═════ Dataset excerpts ═════

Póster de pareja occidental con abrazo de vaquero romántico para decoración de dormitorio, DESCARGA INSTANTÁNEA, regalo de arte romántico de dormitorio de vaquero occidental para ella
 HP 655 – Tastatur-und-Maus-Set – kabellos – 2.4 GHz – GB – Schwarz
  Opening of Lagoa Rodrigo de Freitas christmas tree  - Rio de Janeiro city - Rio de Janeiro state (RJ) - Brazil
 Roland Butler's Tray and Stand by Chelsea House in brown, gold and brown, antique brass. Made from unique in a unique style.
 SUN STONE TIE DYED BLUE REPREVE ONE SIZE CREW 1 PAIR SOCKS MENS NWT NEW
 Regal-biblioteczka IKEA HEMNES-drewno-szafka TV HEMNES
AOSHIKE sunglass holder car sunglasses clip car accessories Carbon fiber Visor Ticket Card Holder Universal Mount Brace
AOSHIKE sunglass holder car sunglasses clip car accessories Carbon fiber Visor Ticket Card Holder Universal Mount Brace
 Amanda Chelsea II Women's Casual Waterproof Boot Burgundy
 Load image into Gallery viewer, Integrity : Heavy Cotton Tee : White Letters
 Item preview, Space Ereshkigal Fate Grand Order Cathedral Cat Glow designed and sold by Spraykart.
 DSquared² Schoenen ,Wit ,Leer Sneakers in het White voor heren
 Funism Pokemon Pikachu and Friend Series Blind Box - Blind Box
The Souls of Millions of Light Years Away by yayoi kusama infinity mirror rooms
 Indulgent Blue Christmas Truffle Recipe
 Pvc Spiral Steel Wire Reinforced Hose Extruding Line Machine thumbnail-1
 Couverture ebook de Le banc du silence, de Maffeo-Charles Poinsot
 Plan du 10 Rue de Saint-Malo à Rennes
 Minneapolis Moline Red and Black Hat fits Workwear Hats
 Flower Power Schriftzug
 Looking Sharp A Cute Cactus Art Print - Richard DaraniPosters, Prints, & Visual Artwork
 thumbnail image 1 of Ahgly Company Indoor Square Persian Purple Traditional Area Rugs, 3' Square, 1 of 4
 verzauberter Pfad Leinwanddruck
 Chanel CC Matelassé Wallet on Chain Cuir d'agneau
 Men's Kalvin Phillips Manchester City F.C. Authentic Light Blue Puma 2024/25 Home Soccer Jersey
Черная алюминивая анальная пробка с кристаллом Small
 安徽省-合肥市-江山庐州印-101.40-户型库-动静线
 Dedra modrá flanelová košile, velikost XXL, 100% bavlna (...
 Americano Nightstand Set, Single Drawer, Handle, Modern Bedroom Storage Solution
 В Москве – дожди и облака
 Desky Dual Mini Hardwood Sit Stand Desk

═════

Problem details:
Exactly as given, please retype all the entries.

Result:
Póster de pareja occidental con abrazo de vaquero romántico para decoración de dormitorio, DESCARGA INSTANTÁNEA, regalo de arte romántico de dormitorio de vaquero occidental para ella
 HP 655 – Tastatur-und-Maus-Set – kabellos – 2.4 GHz – GB – Schwarz
  Opening of Lagoa Rodrigo de Freitas christmas tree  - Rio de Janeiro city - Rio de Janeiro state (RJ) - Brazil
 Roland Butler's Tray and Stand by Chelsea House in brown, gold and brown, antique brass. Made from unique in a unique style.
 SUN STONE TIE DYED BLUE REPREVE ONE SIZE CREW 1 PAIR SOCKS MENS NWT NEW
 Regal-biblioteczka IKEA HEMNES-drewno-szafka TV HEMNES
AOSHIKE sunglass holder car sunglasses clip car accessories Carbon fiber Visor Ticket Card Holder Universal Mount Brace
AOSHIKE sunglass holder car sunglasses clip car accessories Carbon fiber Visor Ticket Card Holder Universal Mount Brace
 Amanda Chelsea II Women's Casual Waterproof Boot Burgundy
 Load image into Gallery viewer, Integrity : Heavy Cotton Tee : White Letters
 Item preview, Space Ereshkigal Fate Grand Order Cathedral Cat Glow designed and sold by Spraykart.
 DSquared² Schoenen ,Wit ,Leer Sneakers in het White voor heren
 Funism Pokemon Pikachu and Friend Series Blind Box - Blind Box
The Souls of Millions of Light Years Away by yayoi kusama infinity mirror rooms
 Indulgent Blue Christmas Truffle Recipe
 Pvc Spiral Steel Wire Reinforced Hose Extruding Line Machine thumbnail-1
 Couverture ebook de Le banc du silence, de Maffeo-Charles Poinsot
 Plan du 10 Rue de Saint-Malo à Rennes
 Minneapolis Moline Red and Black Hat fits Workwear Hats
 Flower Power Schriftzug
 Looking Sharp A Cute Cactus Art Print - Richard DaraniPosters, Prints, & Visual Artwork
 thumbnail image 1 of Ahgly Company Indoor Square Persian Purple Traditional Area Rugs, 3' Square, 1 of 4
 verzauberter Pfad Leinwanddruck
 Chanel CC Matelassé Wallet on Chain Cuir d'agneau
 Men's Kalvin Phillips Manchester City F.C. Authentic Light Blue Puma 2024/25 Home Soccer Jersey
Черная алюминивая анальная пробка с кристаллом Small
 安徽省-合肥市-江山庐州印-101.40-户型库-动静线
 Dedra modrá flanelová košile, velikost XXL, 100% bavlna (...
 Americano Nightstand Set, Single Drawer, Handle, Modern Bedroom Storage Solution
 В Москве – дожди и облака
 Desky Dual Mini Hardwood Sit Stand Desk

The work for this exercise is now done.